What should be obvious to you is Hahn’s supercessionistic reading of Old Testament texts. What should be clear to you are his jigsaw puzzle proof-texting through Gospels that were never meant to combine Voltron-style into a 21st century biography of Jesus. What should be plain is his failure to distinguish ancient Israelites from later Jews.
If only such readings of Scripture were clearly seen as erroneous! Perhaps then theological justification and “Scriptural backing” for some of the worst sins in the history of the Church since the Medieval pogroms would not continue to flourish in our times, as can be seen on hideous display incubating in ultra-conservative blogs and sites!
Obviously One-Part Eusebian Nightmare, Five-Parts Spiritualized
Bishop Robert Barron sees this allegorized parable somewhat differently. Says Barron:
“The parable of the tenants is an allegory that presents the relationship of Israel to Christ, but more than this it reveals a necessary truth about the spiritual life: that we are “tenants” in regards to the gifts that God has given us, and when we construe our relationship to God’s gifts as being that of “owners”, rather than “tenants”, the consequences can be quite dire.”
So a little bit of Eusebian allegory (see above to understand where that leads), and a whole lot of Aquinas-allegory.
An Obvious Parable By, For, and about the American Way
According to biblical scholars like Richard Rohrbaugh, for many American commentators today it is obvious that the tenants of Mark 12 are evil people who want to take away the private property rights of the landowner. It is clear that the landowner is someone who looks an awful lot like an ideal American individualist, who buys American values, and who works very hard for his money. Therefore it is clear to such American commentators that this story must be about the private property rights of the landowner.
Obviously a Tale of Great Sadness
What has happened to Jesus’ story? Something that probably began as a cautionary parable about labor violence as the desperate attempt to respond to crushing injustice has, via allegory-gone-wild, been turned and twisted around to justify the elites. This has been done in the name of Jesus.
We can cut “Mark” and “Matthew” some slack. But once we arrive at imperial cruelty and especially with Luther, the story is turned on its head. Throughout history, what has dominated the interpretation of this story has not been the prepaschal Galilean Jesus and what he intended, but rather the situation of the interpreter.

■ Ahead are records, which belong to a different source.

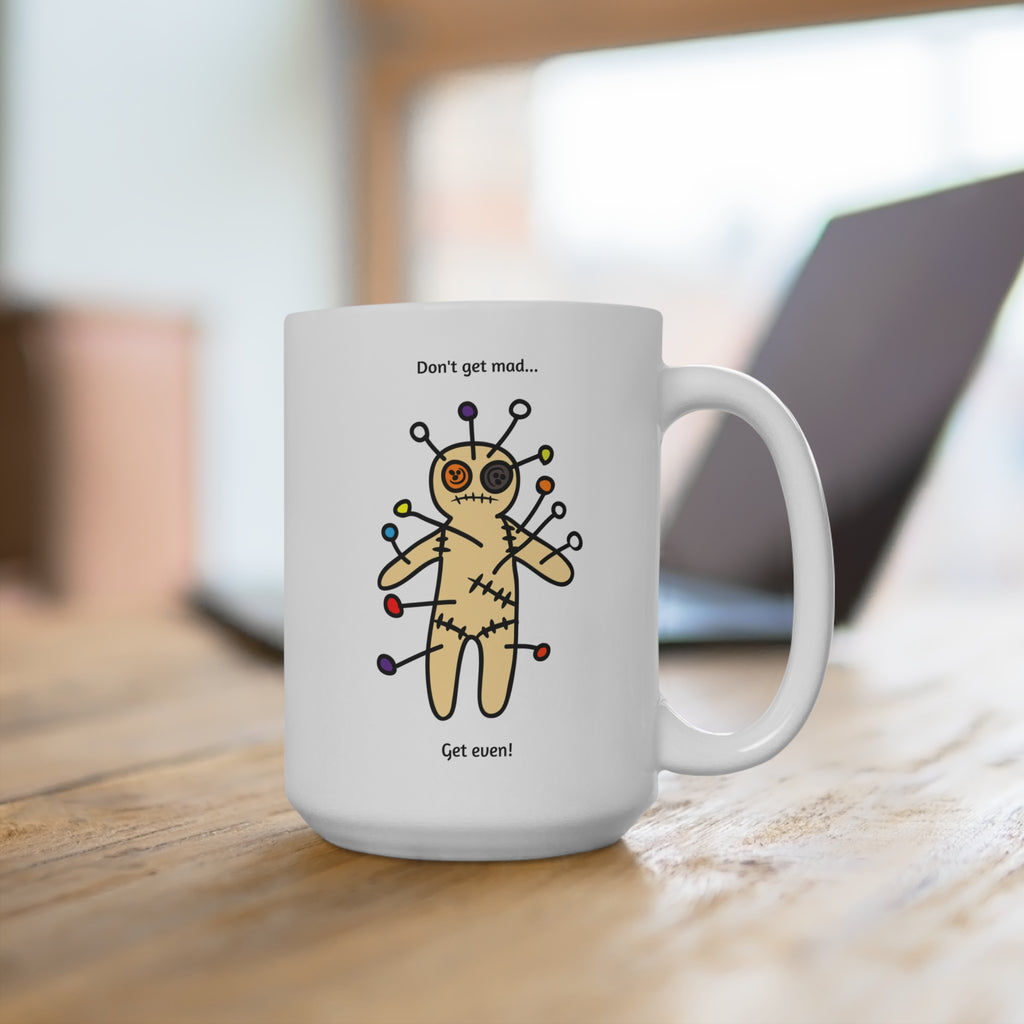 White mug with a voodoo doll illustration and text on a wooden surface.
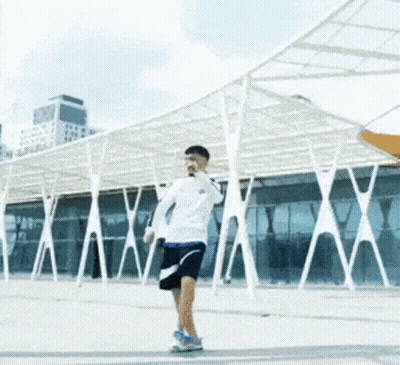Man In White Shirt Blue Shorts Under Umbrella GIF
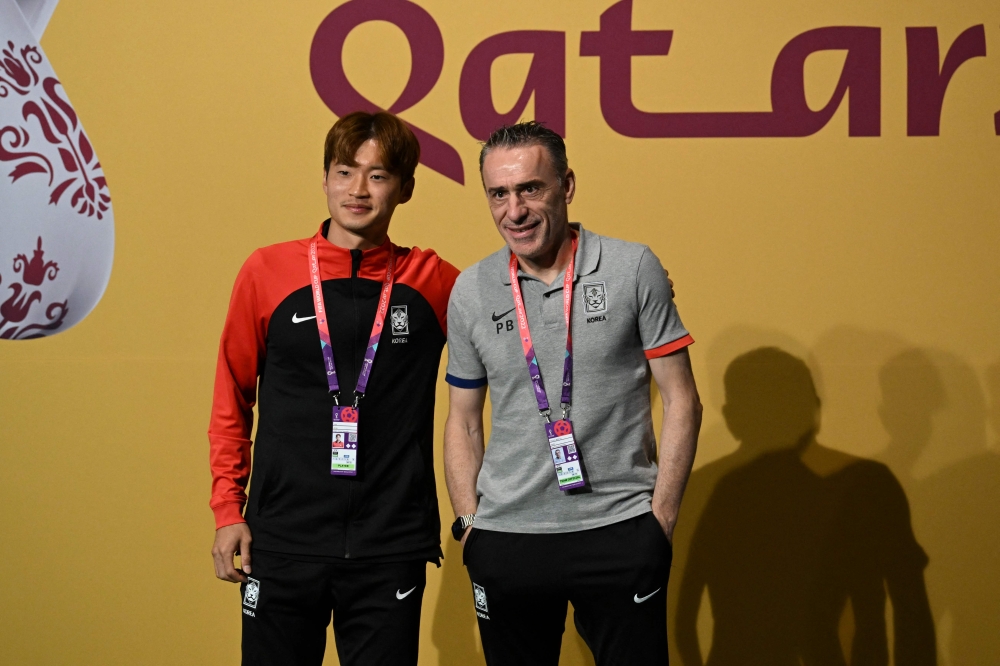 South Korea's defender Kim Jin-su and South Korea's Portuguese coach Paulo Bento ahead of a press conference at the Qatar National Convention Center (QNCC) in Doha on December 4, 2022, on the eve of the Qatar 2022 World Cup football match between Brazil and South Korea. (AFP/Pablo Porciuncula)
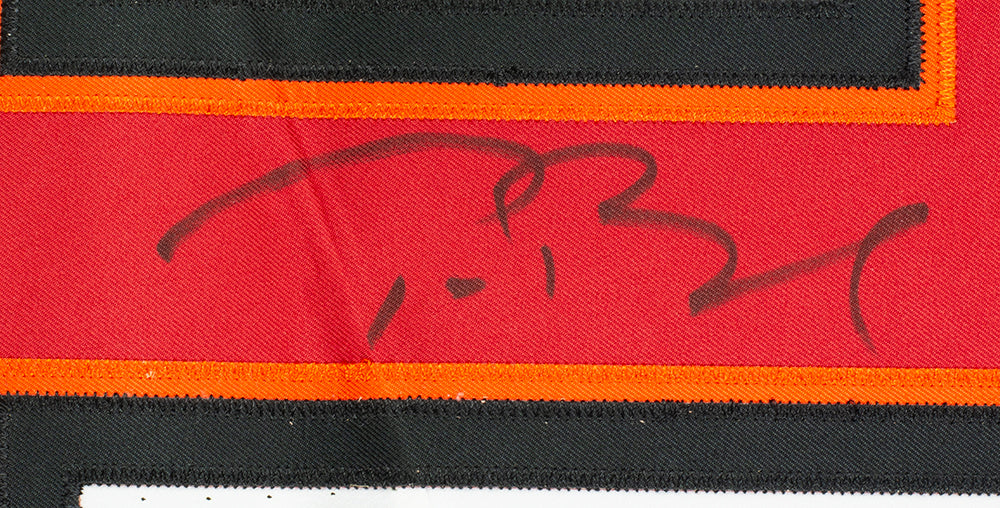 A close-up of Tom Brady's bold, cursive autograph in black marker on a red Tampa Bay Buccaneers Nike Elite Football Jersey from Sports Integrity, bordered with orange and black stitching. Fanatics 975.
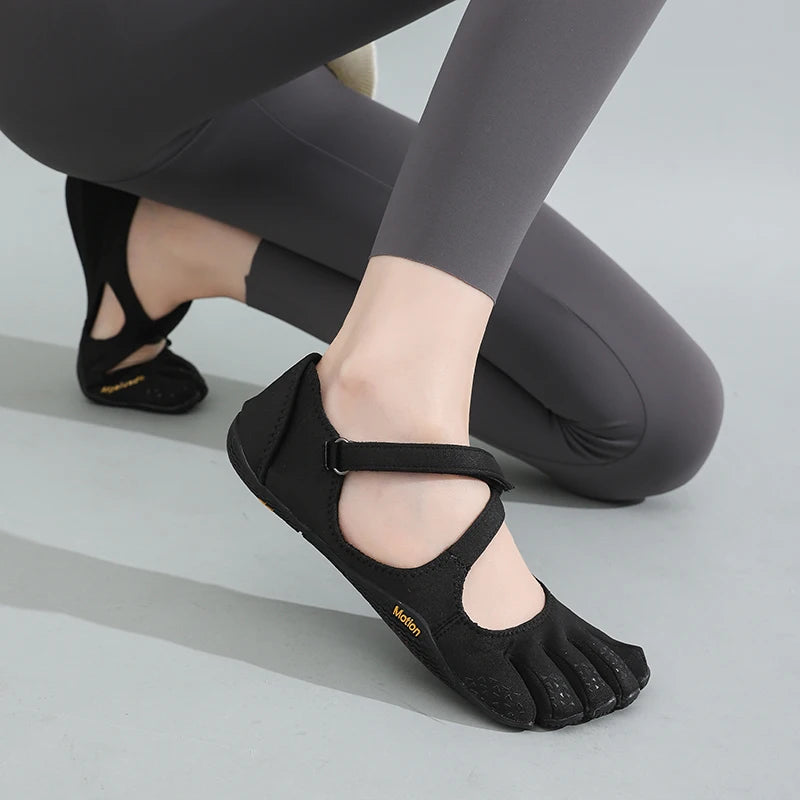 A pair of black women's barefoot five-toe shoes with an adjustable strap shown on a person's foot.
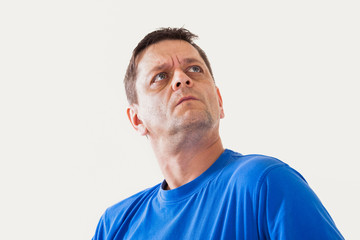 Obraz premium Portrait of a man of thoughtfully looks upwards - isolated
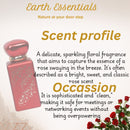 Pink perfume bottle with text about 'Earth Essentials' rose fragrance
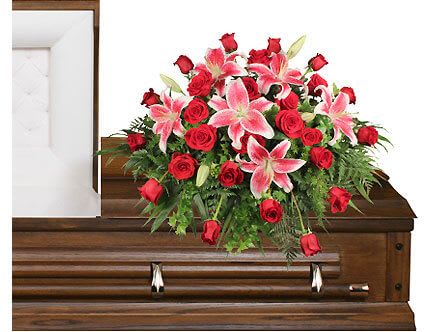 Red roses and pink lilies arranged on a wooden casket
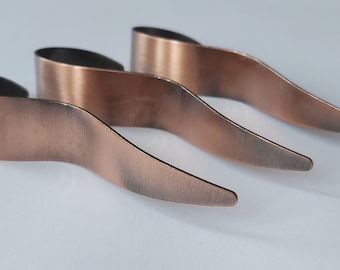 May include: Three copper-colored metal hair clips with a wavy design.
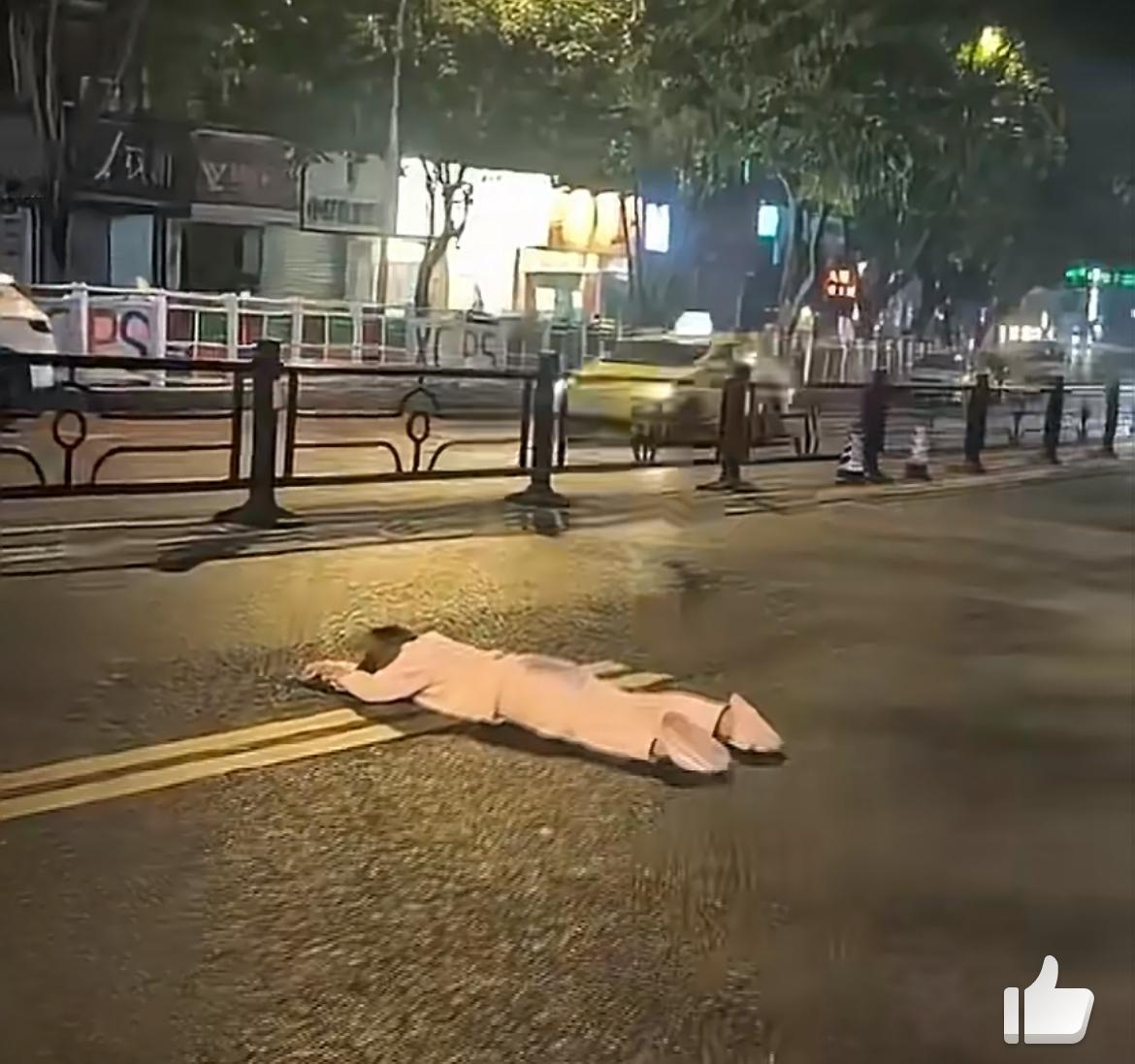 这个穿睡衣的女孩怎么了，大晚上的在马路上横爬，受了啥刺激，这个动作太危险了。有啥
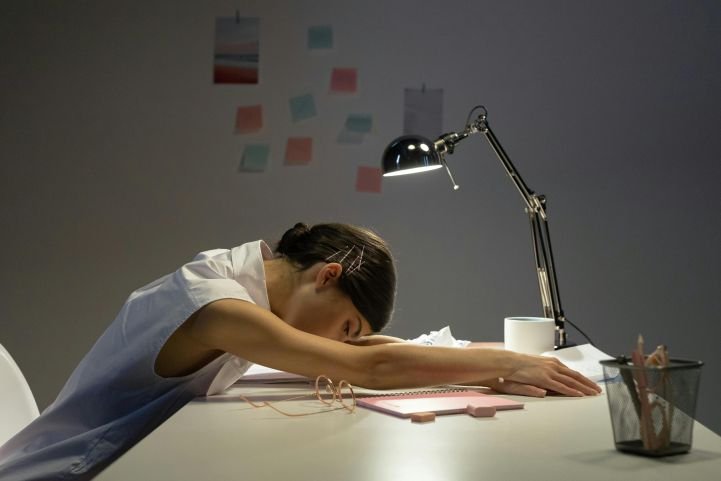 A woman hunched over her desk due to sleep loss.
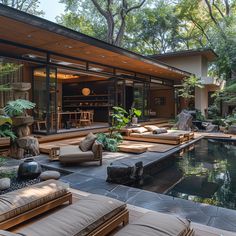 an outdoor living area with couches and tables next to a pool surrounded by trees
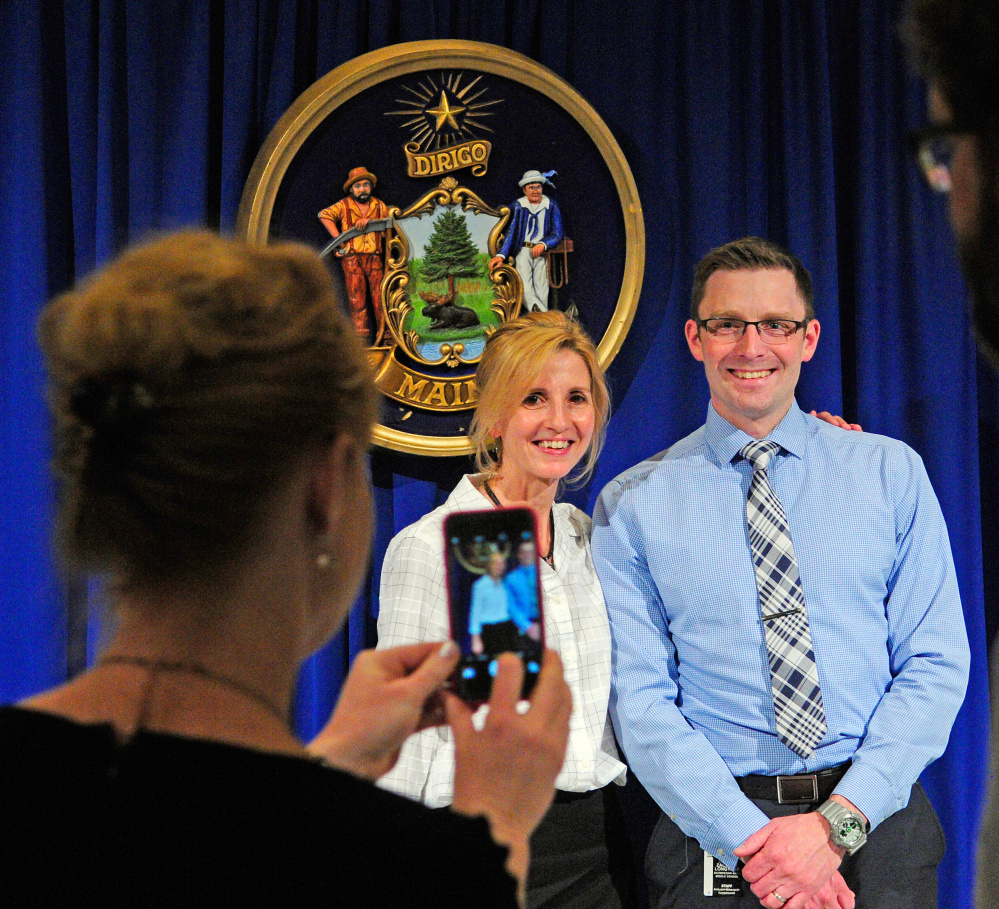 Somerset County Teacher of the Year Tamara Ranger, left, poses with Zach Longyear, her principal at Skowhegan Area Middle School, on May 13 during Teacher of the Year event in the State House Hall of Flags in Augusta. Ranger is now one of the top three candidates for state Teacher of the Year. The recipient of the award will be announced in October.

Context scholar Richard Rohrbaugh reminds us that theologians striving to make Jesus and his stories relevant to Christians alive today is good and needed. But there is always the danger that in doing this noble work, Jesus and his context gets lost, and the whole enterprise becomes an idolatry of self-justification. Why that is a terribly costly violence should be obvious and clear to all who call themselves “followers of Christ.”